How can router log messages get to a monitor program like Wallwatcher without needing to put the router IP into the software firewall's "trusted zone" which I would think would have the effect of disabling the software firewall? I have a Linksys BEFSX41 and free Zonealarm.
Good question. The answer is that the log records will be identified with the router's LAN IP address (probably 192.168.1.1). By contrast, packets arriving from the Internet will be identified with the remote IP addresses from which they originated. Although they pass through the router, they don't originate within the router, and packet header information distinguishes them from each other as well as from log records.
All of those addresses are in the packet headers, and are passed along to your computer, along with the information in their packets.
If a malicious remote site "spoofs" (falsifies) the address in the header so that it appears to be "192.168.1.1", the router's defences catch that, drop the packet, and create a log entry to report the blocked intrusion attempt. So, if the router's working properly (and it is), all packets that reach your computer claiming to have originated at "192.168.1.1" really did originate there.
When the software firewall on your LAN computer examines the packets, it looks at several things in their headers, including the originating addresses.
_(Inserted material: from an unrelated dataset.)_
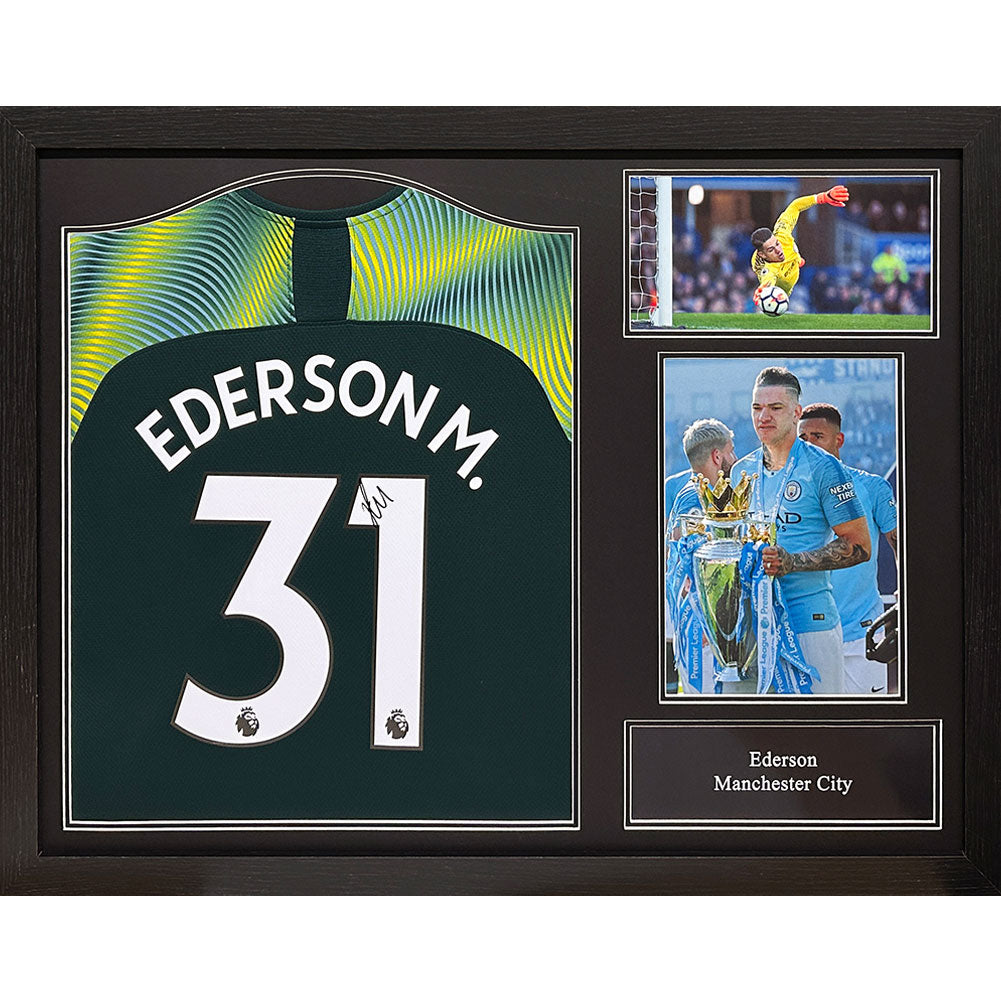 Manchester City Ederson Signed Shirt (Framed)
If you placed "192.168.1.1" in the Trusted Zone, the firewall will allow those packets to pass. If a packet has an IP address that is not in the Trusted Zone, the packet will be blocked unless other information in its headers shows that it's a reply to a previous request made by an application on your computer (such as your browser or email program).
A logging program such as WallWatcher does not request log records from a router, it just passively waits for them to arrive. That means those log records are not replies, and that's why the router's LAN address has to be placed in the Trusted zone: otherwise, the software firewall will block them. (There are other ways to give permission, but the "zone" analogy is appropriate for ZoneAlarm.) The first time WallWatcher runs and a log record arrives at your computer, Zone Alarm will ask you whether WW should be allowed to receive that unsolicited log record. Unless you say "allow", WW will never be able to log anything.
Telling ZoneAlarm to always allow that kind of event does not grant WallWatcher other Internet privileges; all you've authorized is to let WW receive those log records from the router's LAN IP address.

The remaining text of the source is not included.